◆ **Problem statement**
I'd like the data beneath this line reproduced exactly, without any of its images.

◆ **Recorded data**

===============

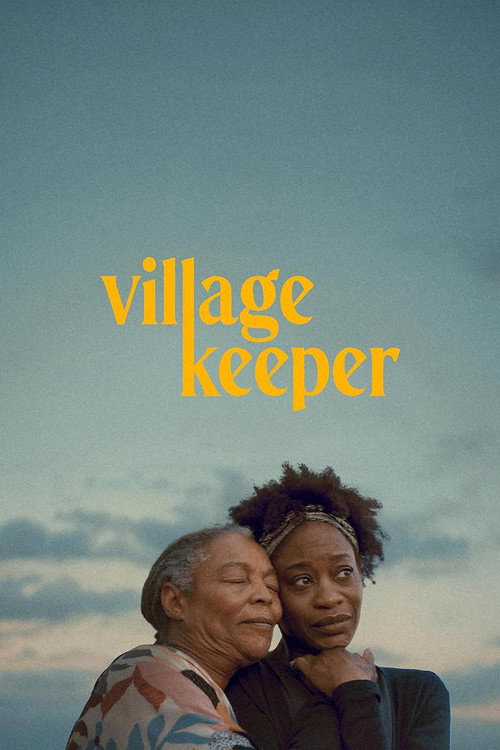 Movie poster for Village Keeper (2024)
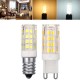 ARILUX® E14 G9 5W SMD2835 Pure White Warm White LED Corn Light Bulb No Flicker AC220V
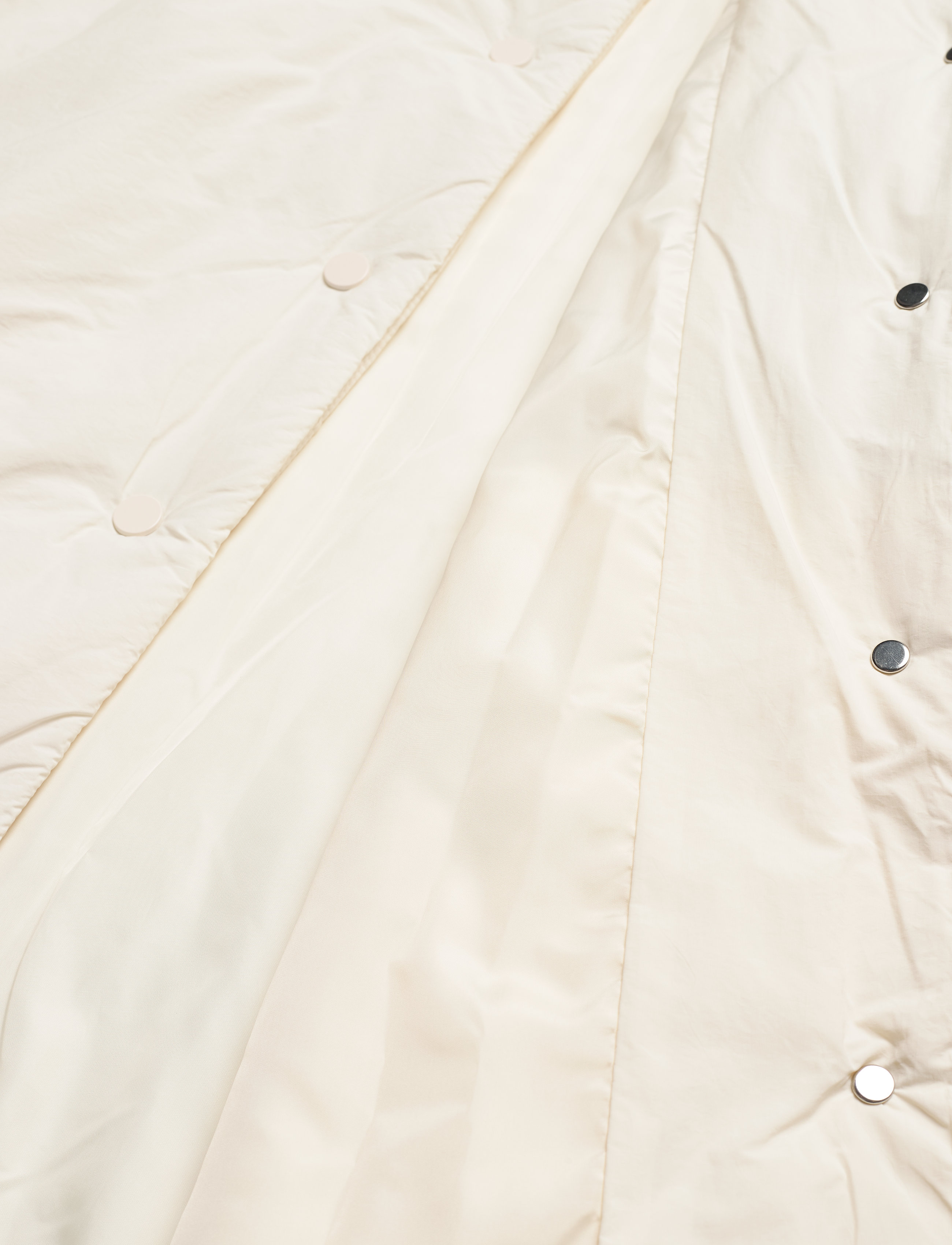 Mango - OLAF - down- & padded jackets - ecru - 4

===============

◆ **Result for this task**
 Movie poster for Village Keeper (2024)
 ARILUX® E14 G9 5W SMD2835 Pure White Warm White LED Corn Light Bulb No Flicker AC220V
 Mango - OLAF - down- & padded jackets - ecru - 4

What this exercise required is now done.